Теперь я от тревоги не сплю ни одной ночи, не ем почти ничего, глотаю слезы или украдкой плачу несколько раз в день от беспокойства. У меня всякий день лихорадочное состояние, а теперь по вечерам дрожь, нервное возбуждение и точно голова треснуть хочет. Чего я не передумала в эти две недели.

С детьми нынче было хорошо; боюсь, я злоупотребляю тем, что возбуждаю часто их жалость ко мне. Так радостно видеть их заботливость. Таня делается красива; очень меня смущает своей детской влюбленностью в скрипача Ипполита Нагорнова. После завтрака не учила их; вдруг точно упала во мне энергия, и я не могла ничего делать. Боже мой, помоги мне держаться, может быть, еще несколько дней; всё думаю: «За что, за что я наказана, за то, что так любила?» И теперь надорвалось это счастье, я озлоблена за то, что опять подавлены и мой хороший порыв любви, и наслажденье счастьем.
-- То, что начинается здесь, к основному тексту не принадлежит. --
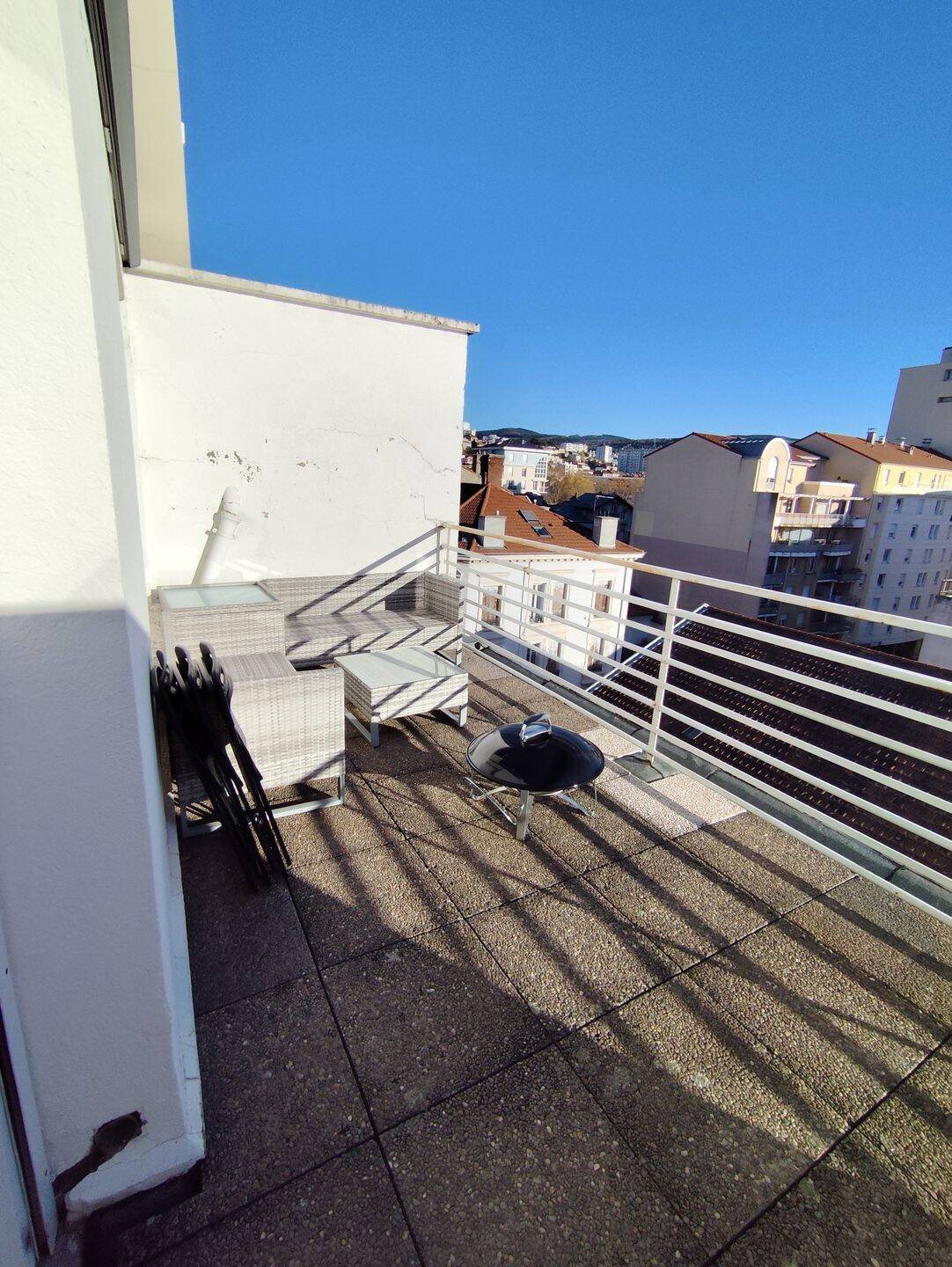 Appartement à vendre, 45m², Saint-Etienne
18 сентября. Получила сегодня телеграмму из Сызрани. Послезавтра утром приедет. И вдруг сегодня всё стало весело, и детей учить легко, и в доме всё так светло, хорошо, и дети милы. Но грудь болит, неужели я буду больна, сегодня до слез было обидно и страшно за наше общее спокойствие. Но говорить много было мучительно больно, когда учила детей и толковала. Нет дыханья свободного.

Вечером дети пришли снизу от уроков. М. Rey всё не в духе; оказалось, что все шалили в классе и всем двойки за поведение. Я стала говорить, что Сережа себя дурно ведет и я его на охоту не пущу; что, может быть, он исправится, если его накажут. Сережа вдруг вспыхнул и говорит: «Au contraire»[33]. Мне это было очень больно. Но он, прощаясь, спросил, сержусь ли я на него, и я была этому рада и простила его.